Why Do Couples Resist a Win-Win Goal?

A win-win outcome both in business and in marriage is the ideal. No one would argue that point. But as I’ve already noted, some feel that trying to achieve that ideal in marriage is immoral, impossible, or impractical. They feel that there’s something about a romantic relationship between a man and a woman that rules out win-win resolutions to conflict.

The problem usually begins with confusion over the value of the sacrifice strategy—one partner is willing to lose so that the other partner can win. It’s a time-honored way to prove that you care, and it’s the way most romantic relationships begin. It gives your account in a prospective mate’s Love Bank an initial boost.

It’s a lot like the way a business introduces a new product. It’s sold at a greatly reduced price, or is even given away, to give prospective customers a taste of what the business can do for them. In a dating relationship, partners want an opportunity to get to know each other, so they will often sacrifice their own interests to motivate each other to spend time together. When I would call Joyce for a date, she would agree to go even before I told her what we’d be doing.

But it’s at this point that business and romantic relationships usually part. In business, the product that had been initially given away is now priced to provide a profit for the company and value for the customer. In romantic relationships, however, sacrifice continues to be expected. After all, it’s regarded as the romantic ideal.

Fortunately for our marriage, after we said our vows Joyce stopped sacrificing her interests just to be with me. If we were to go on a date, she wanted to know where we’d be going before she’d agree to go. And if she wasn’t interested in what I had in mind, she’d suggest alternatives that served her interests. The sacrifice strategy had come to an end in our marriage, as it does in all romantic relationships.

Why was this fortunate for our marriage?
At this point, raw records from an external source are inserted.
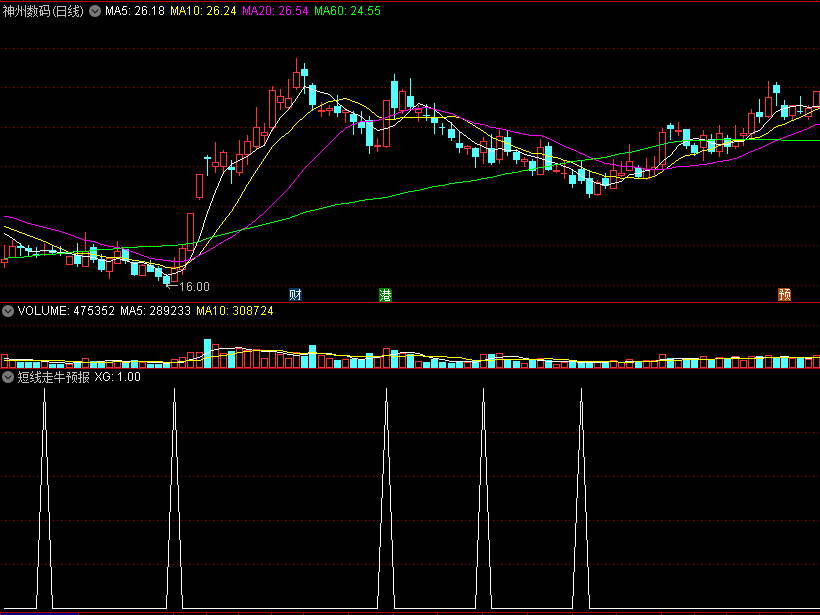 〖短线走牛预报〗副图/选股指标 粗选潜力牛 短线操盘参考 通达信 源码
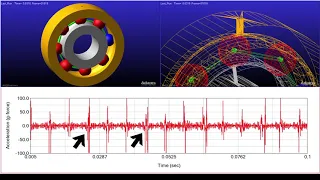 bearing vibrationsim example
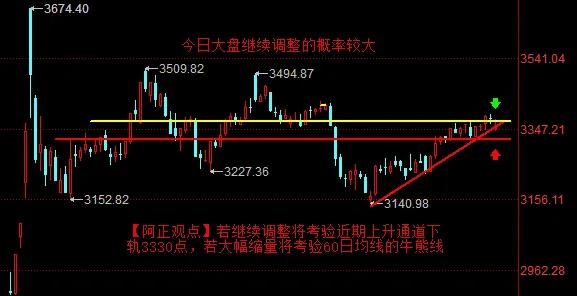 【2月26日盘前分析：今日若继续调整将考验近期上升通道下轨3330点 若大幅缩量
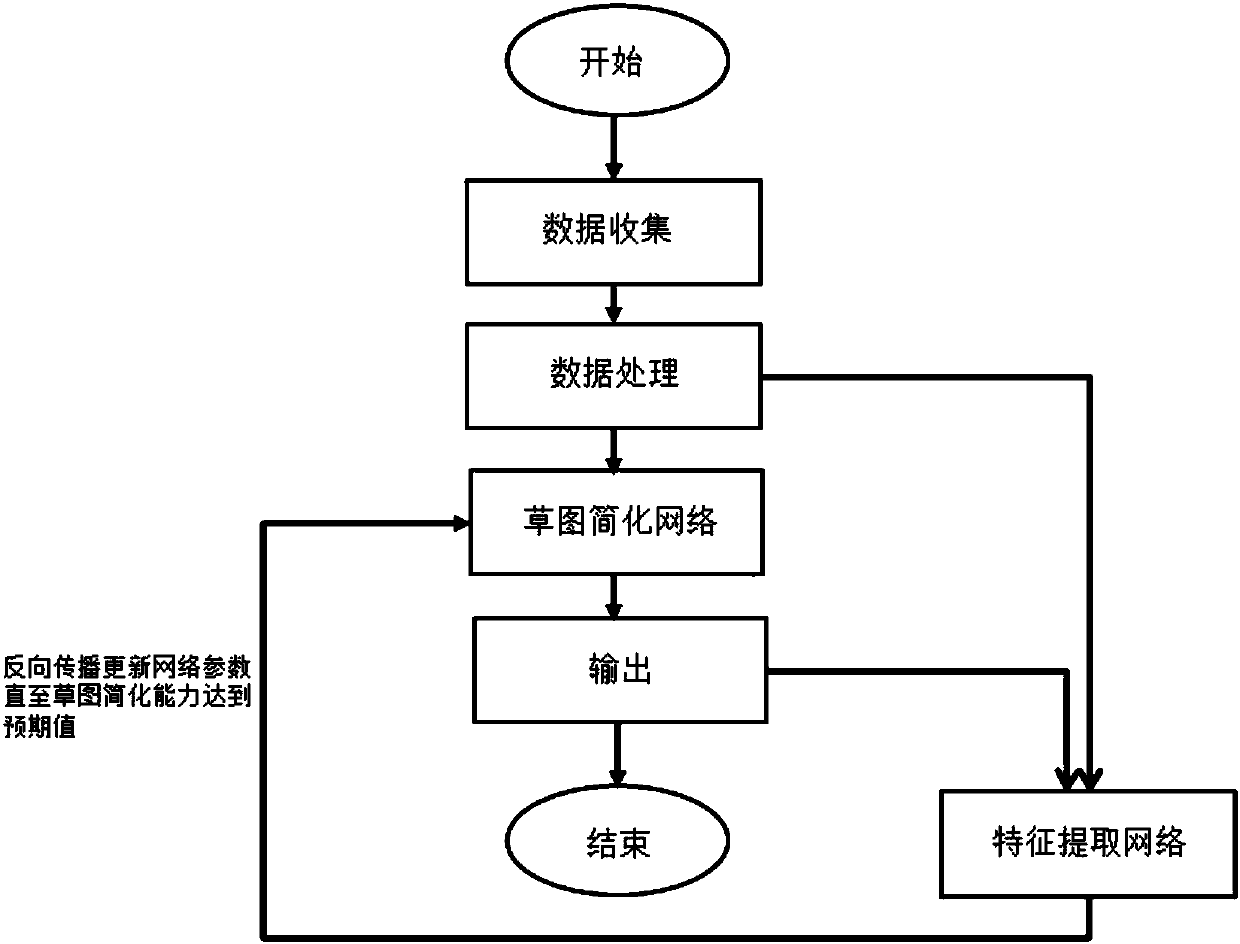 Perceptual loss and deep convolutional neural network-based sketch simplifying method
Because we were now forced to do what businesses do—find win-win outcomes to our conflicts.

Of course, we could have chosen the path that most romantic relationships follow: dictatorship, dueling dictators, and anarchy. In time, we would have become disillusioned, had a power struggle, lost our love for each other, and eventually parted ways either through divorce or permanent separation.

But we didn’t follow that path, and as a result, we are still in a romantic relationship after fifty years of marriage. I’m convinced that every couple can follow the path we’ve taken by learning to re- solve their conflicts with each other’s interests in mind. When that happens, they discover win-win solutions to all of their conflicts.
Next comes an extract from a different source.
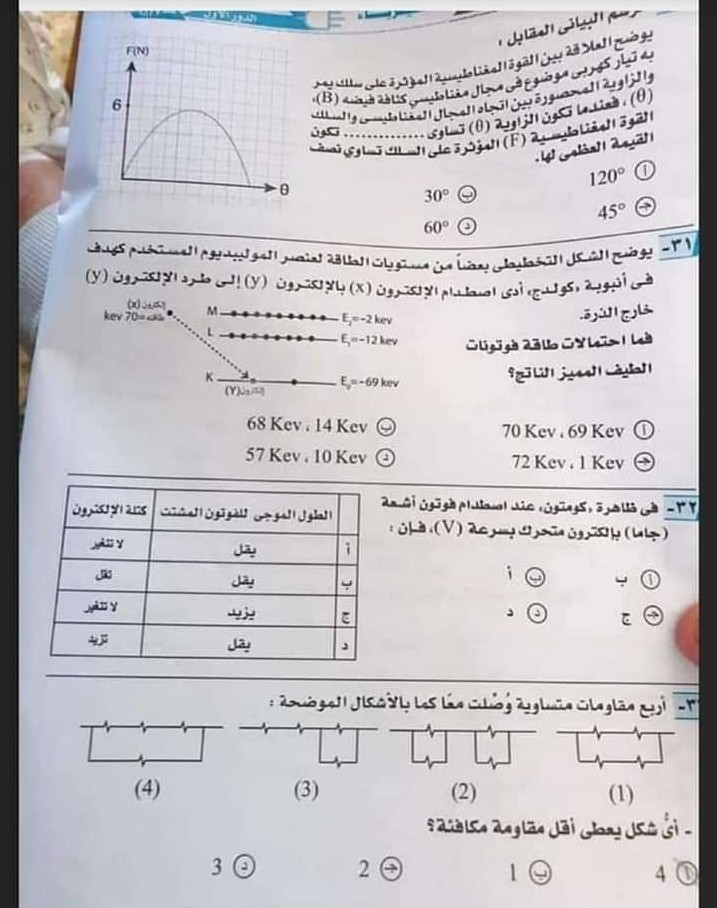 نموذج اجابة امتحان الفيزياء للثانوية العامة 2021 31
The Policy of Joint Agreement

To help couples keep their eye on the ball, I challenge them to consider a rule that leads to win-win outcomes. I call it the Policy of Joint Agreement: Never do anything without an enthusiastic agreement between you and your spouse. Enthusiastic agreement becomes the goal of negotiation whenever a couple faces a conflict. In other words, they both must win or they keep negotiating.
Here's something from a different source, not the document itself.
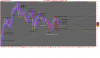 UNICREDIT 180511.png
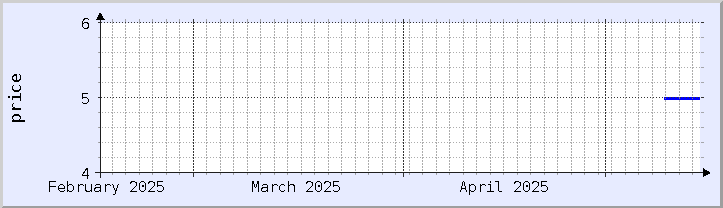 過去の価格チャート - 今月 (更新日 5月13日)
If you follow the Policy of Joint Agreement (POJA), it will force you to resolve conflicts the right way—the way that takes the interests of both of you into account simultaneously. Not only is this the mutually caring thing to do, but final decisions made this way are usually wiser than any decision you would have made on your own. By joining together to make each decision, you’re able to consider a much broader range of options, and come to conclusions that take more factors into account.

When I first introduce this rule to clients, it usually triggers two reactions. At first people react to how they feel about being consulted before their spouse makes a decision: “If this means that Lisa must ask me how I feel about what she’s planning to do before she does it, I think that’s a good idea. There’s a lot going on in her life that I’d like to know about, and a lot that I wouldn’t agree with if I did know. If she’d tell me her plans in advance, and give me the right to veto some of them, I think we’d get along a lot better.”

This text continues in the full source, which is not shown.